You may not know him, but you know his songs. My friend James, who knows music much better than I, described Whitefield this way:

"{Whitfield} wrote many hits for the Motown stable of stars, rivaled there only by the equally genius writing trio of Holland/Dozier/Holland. His hits were varied and numerous...His ability to weave a tune, then get the "Funk Brothers" to transpose his raw ideas into memorable hooks and signature bass lines were legendary; no one in the industry was ever able to match or copy it; he had a "lock" on that musical brand which became the very definition of "sophisticated soul/funk" from 1963 until 1974."

Soul Patrol, an on-line site dedicated to R&B, was even more assertive:

"
No one in the media will cover this, but this is hands down the most tragic of the losses we've sustained this year, even moreso than the loss of Isaac Hayes. No one had more influence on complete revolutionizing Motown and its transition from party music in its early days to the social relevance and taking the pulse of American culture than Norman Whitfield...He was the bridge that kept the company going after Holland-Dozier-Holland (rightfully) bolted. Very simply, Mr. Whitfield single-handedly changed the framework of Black popular music, making the intersection between Southern soul/funk, urban cool, rock rebellion and sophisticated pop."

From the age of 19, Norman hung around the studio, playing tamborine for Edwin Starr at Motown Records, known as "Hitsville U.S.A." He got his break when he began producing songs for the Temptations. Between 1966 and 1974, Whitfield wrote and produced numerous songs for the Temptations,
including "Papa was a rolling stone," "I wish it would rain," "Girl, why do you want to make me blue?" "Beauty is only skin deep," "I know I'm losing you," "Ain't too proud to beg," "You're my everything," "Cloud nine, "I can't get next to you," "Psychedelic Shack," "Ball of confusion," "Just my imagination" and many others. In fact, Whitfield wrote and produced so many hits for this group that he was called "the man behind the Temptations." But he wrote and produced others as well.

The songs he wrote and produced for Marvin Gaye included "Heard it through the grapevine," "Pride and Joy," "Too busy thinking about my baby," among others. He wrote and produced "I heard it through the grapevine,"End of our road," and "Friendship train" for Gladys Knight and the Pips. And he wrote "Car wash," "I'm going down," and "Wishing on a star" for Rose Royce.

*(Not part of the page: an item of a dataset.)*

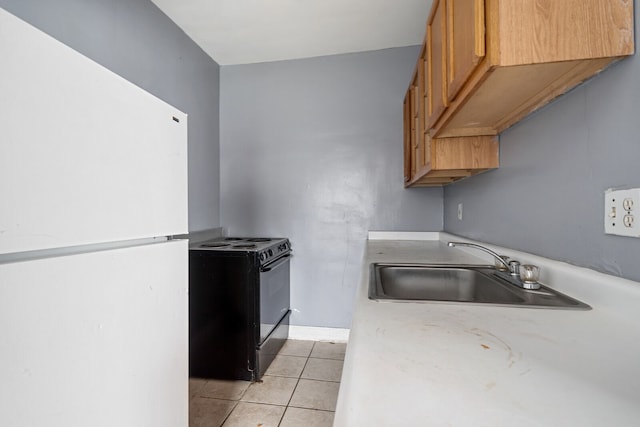 kitchen featuring black stove, white refrigerator, light tile patterned floors, and sink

In 1973, Whitfield left Motown and started his own record producing company. Except for the hit "Car wash," he was unable to come near the success he achieved with acts like The Temptations, Marvin Gaye and Gladys Knight and the Pips. But perhaps more than any other single individual, Whitfield was responsible for what was called "the Motown sound."

Another mighty oak has fallen in the forrest; and, Norman, the daddy remembers you. You, too, made a lot of dreams come true.